- Camp Robinson Location of Camp Robinson in Ontario
- Coordinates: 50°07′50″N 93°13′11″W﻿ / ﻿50.13056°N 93.21972°W
- Country: Canada
- Province: Ontario
- Region: Northwestern Ontario
- District: Kenora
- Part: Kenora, Unorganized
- Founded: 1947
- Elevation: 394 m (1,293 ft)
- Time zone: UTC-6 (Central Time Zone)
- • Summer (DST): UTC-5 (Central Time Zone)
- Postal code FSA: P0V
- Area code: 807

= Camp Robinson, Ontario =

Camp Robinson is an unincorporated place and former settlement in Unorganized Kenora District in northwestern Ontario, Canada. It is located on Moose Lake about 3 km east of Ontario Highway 105 and 33 km north of Vermilion Bay.

==History==
The camp was created as Camp 69 on Moose Lake, Ontario in . Established by the Minnesota and Ontario Paper Company to house woodland workers and their families, Camp Robinson was named in honor of Mr. RHM Robinson, the then President of the company.

The camp had over 30 homes that were four room bungalows which were first painted green. These small houses created low rent homes for the company's workers and their families. A two-room school was built to house 50 students overseen by Mr. Edwin Sweet, teacher/principal. Mr. Sweet was assisted by Mrs. Iola Seed. Eventually, a bakery, butcher shop, a laundry, a small infirmary with a registered nurse were all located in the camp. For entertainment, the camp had its own curling rink and baseball diamond and for spiritual needs: a church.

The camp had its own power generation using large diesel powered generator sets. The company's woodland garage was located in the camp to service all the equipment from surrounding woodlands operations. The camp even had its own sewage system.

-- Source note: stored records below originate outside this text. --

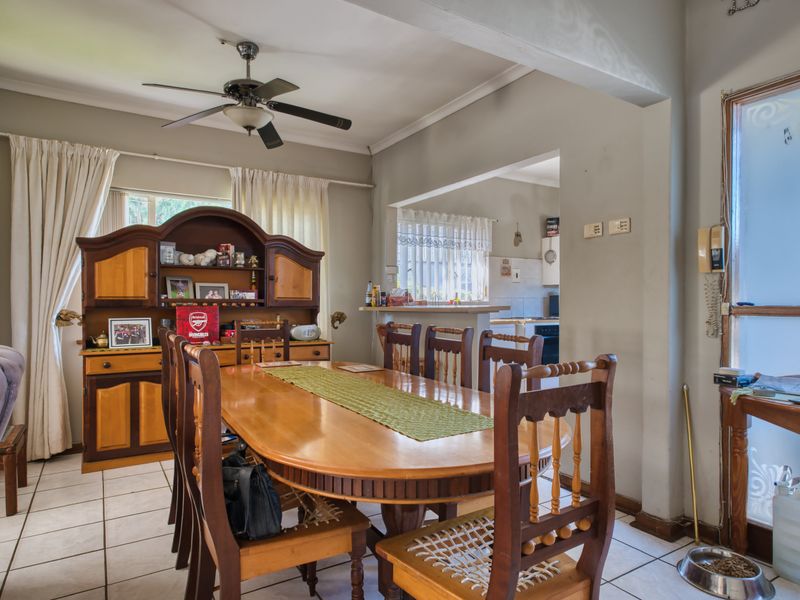 Fixer Upper with huge potential! - Photo 10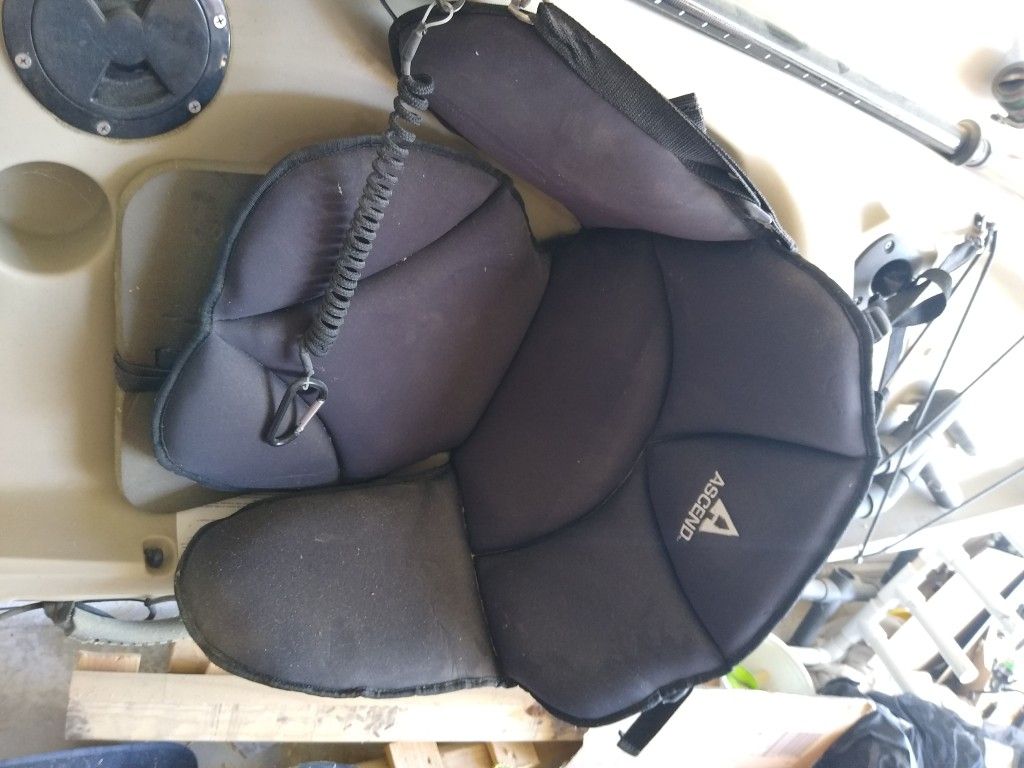 ASCEND FS12T 12 FT KAYAK WITH ACCESSORIES for Sale in San Antonio, TX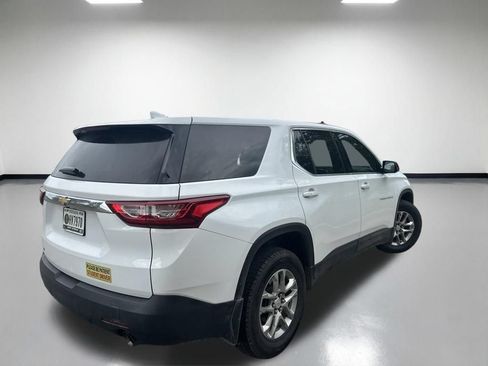Used 2018 Chevrolet Traverse LS FWD image 4
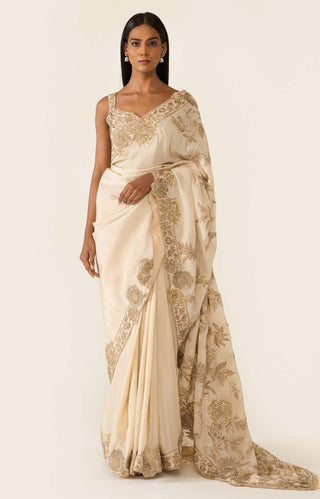 Golden classic sari set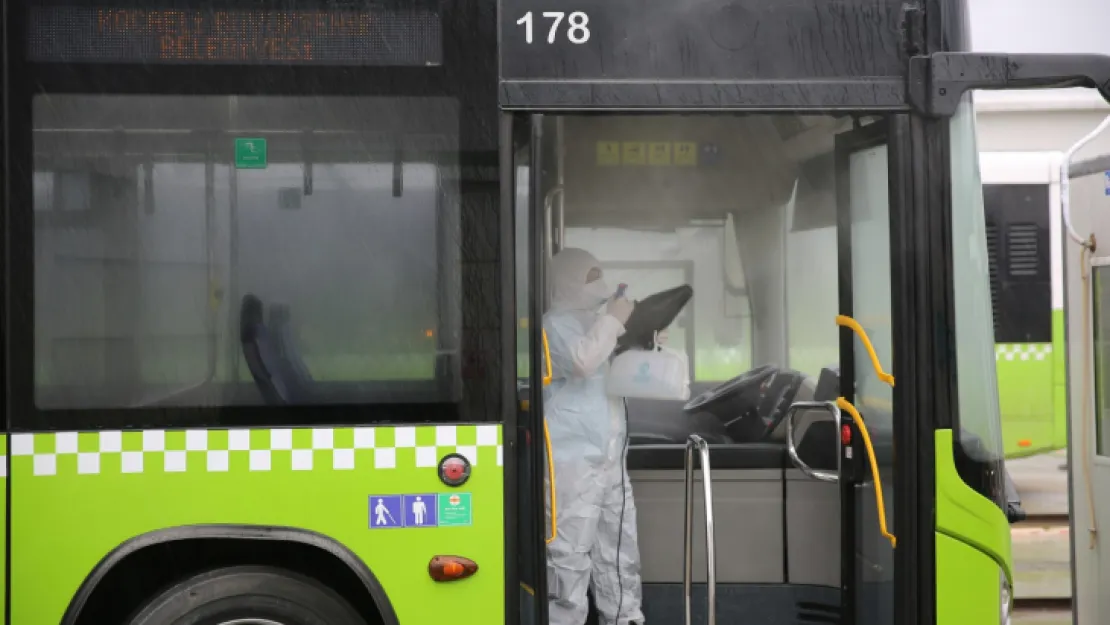 Büyükşehir'in otobüslerine nano gümüş dezenfekte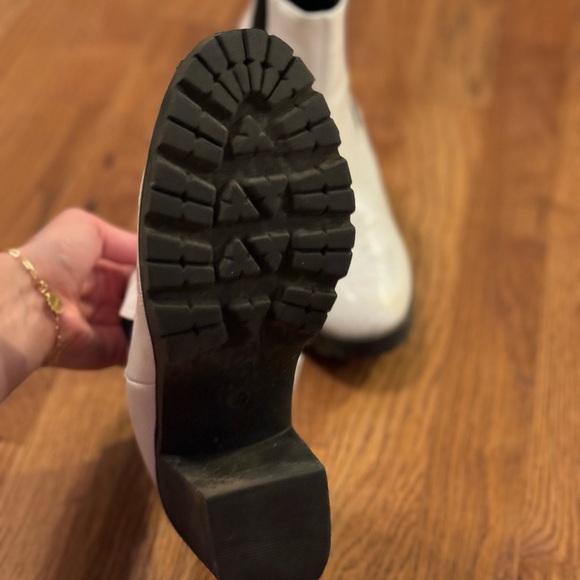 White Booties w lug sole - Picture 2 of 2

Camp Robinson was in existence for over 30 years until its demise in 1980. The end for the camp was in the works since the takeover of the company by Boise Cascade, as they had planned to replace the workers (represented by the Lumber and Sawmill Union) with independent owner operators of log skidding equipment. The eventual announcement caused a strike to start in 1978 and the last family, Beverley and Stanley Sandmoen, left the camp in 1980. The camp was leveled and buried by Boise Cascade and trees were planted over the site.